## Work item
Repeat word for word the lines from the top of the records through the line containing "Khaki Mock Neck", and skip the pictures.

[Records drawn from a dataset]

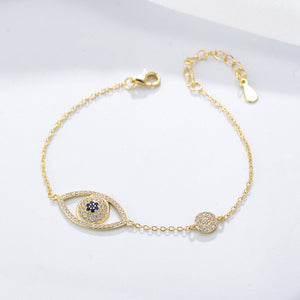 925 Sterling Silver Plated Gold Simple Personality Devil's Eye Bracelet with cubic Zirconia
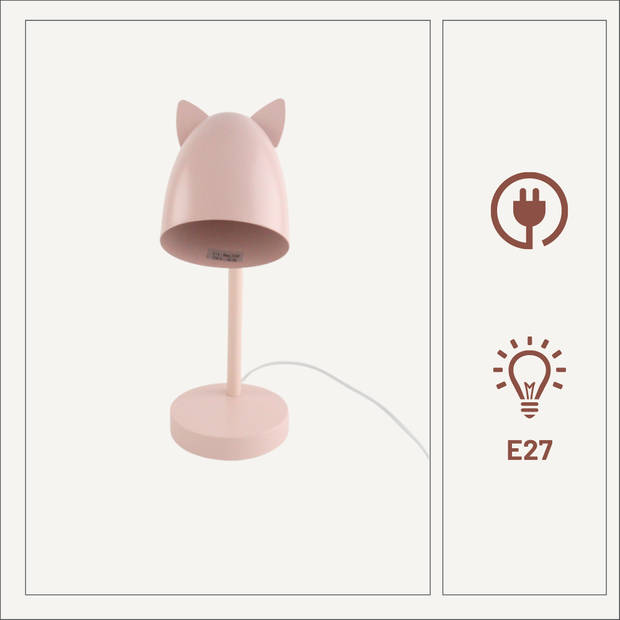 MISOU Slaapkamer Lamp - Nachtkastje - Metaal - 25W - Roze - Kinderlamp - Nachtlampje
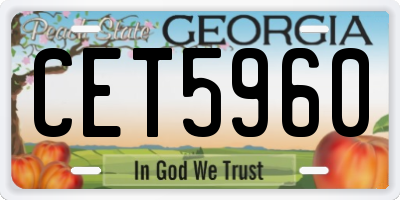 GA license plate CET5960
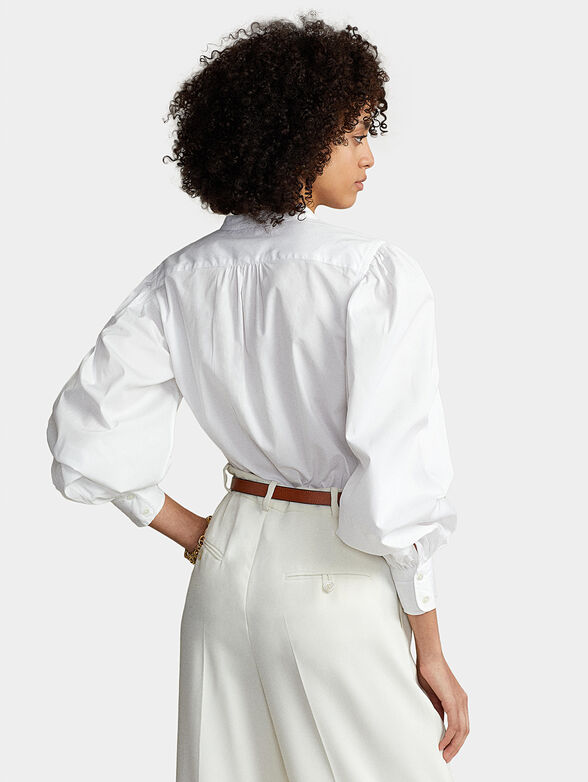 Cotton shirt with voluminous sleeves - 3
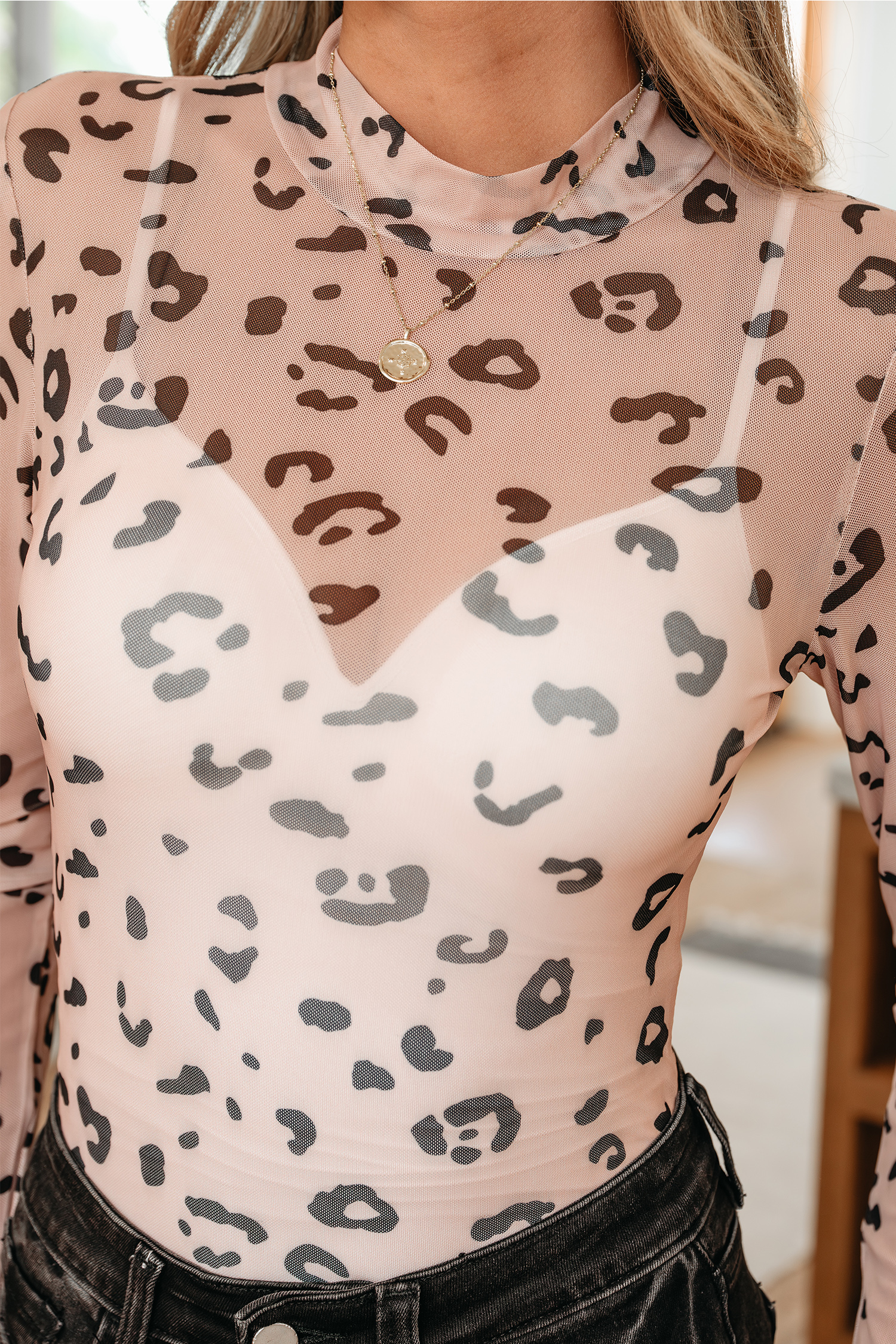 Khaki Mock Neck Sheer Mesh Leopard Long Sleeve Bodysuit view 8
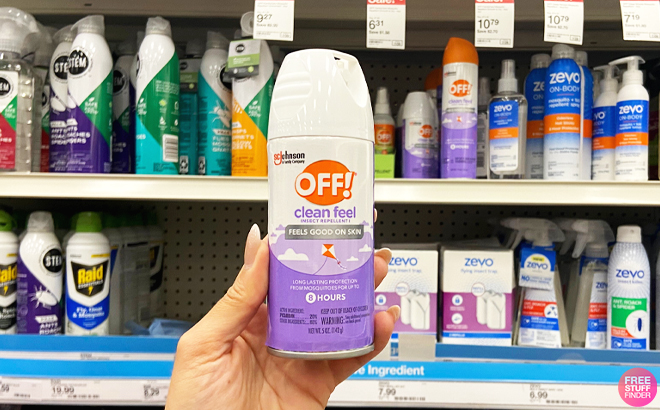 Person Holding a OFF Clean Feel Aerosol Insect Repellent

## Exercise output
 925 Sterling Silver Plated Gold Simple Personality Devil's Eye Bracelet with cubic Zirconia
 MISOU Slaapkamer Lamp - Nachtkastje - Metaal - 25W - Roze - Kinderlamp - Nachtlampje
 GA license plate CET5960
 Cotton shirt with voluminous sleeves - 3
 Khaki Mock Neck Sheer Mesh Leopard Long Sleeve Bodysuit view 8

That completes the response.